Peggy’s Cheese Scones

From “Biscuits and Scones” By Elizabeth Alston (1988)

Makes 12 scones

1 1/2 cups all-purpose flour

1 1/2 teaspoons cream of tartar (see note)

1/2 teaspoon baking soda (see note)

1 teaspoon dry mustard

1/2 teaspoon salt

4 tablespoons (1/2 stick) cold unsalted butter or margarine (Peggy uses margarine), cut up

1 cup (4 ounces) shredded sharp Cheddar cheese

2 tablespoons grated Parmesan cheese

1 large egg

1/2 cup milk

Heat oven to 400º F. Put flour, cream of tartar, baking soda, dry mustard and salt into a large bowl; mix well.

Add butter and cut in with a pastry blender or rub in with your fingers, until the mixture looks like fine granules. Add cheeses and toss to mix.
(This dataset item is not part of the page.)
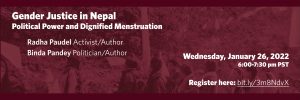 RESCHEDULED: Gender Justice in Nepal: Political Power and Dignified Menstruation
Break egg into milk and beat with a fork to blend well. Pour this over flour mixture and stir with a fork until a dough forms.

Turn out dough onto a lightly floured board and give 10 to 12 kneads. Cut dough in half. Knead each half briefly into a ball, turn smooth side up, and pat or roll into a 6-inch circle. Cut each circle into 6 wedges. Place on an ungreased cookie sheet.

Bake 12 to 15 minutes, or until medium brown. Cool, loosely wrapped in a dish towel, on a wire rack.

Note: Instead of the cream of tartar and baking soda, you can use 1 1/2 teaspoons baking powder.

Blogger’s Note: For a rosemary variation, toss in 1 tablespoon finely chopped fresh rosemary with the cheeses. To give the sones garlic flavor, add 1/2 teaspoon garlic powder to the dry ingredients.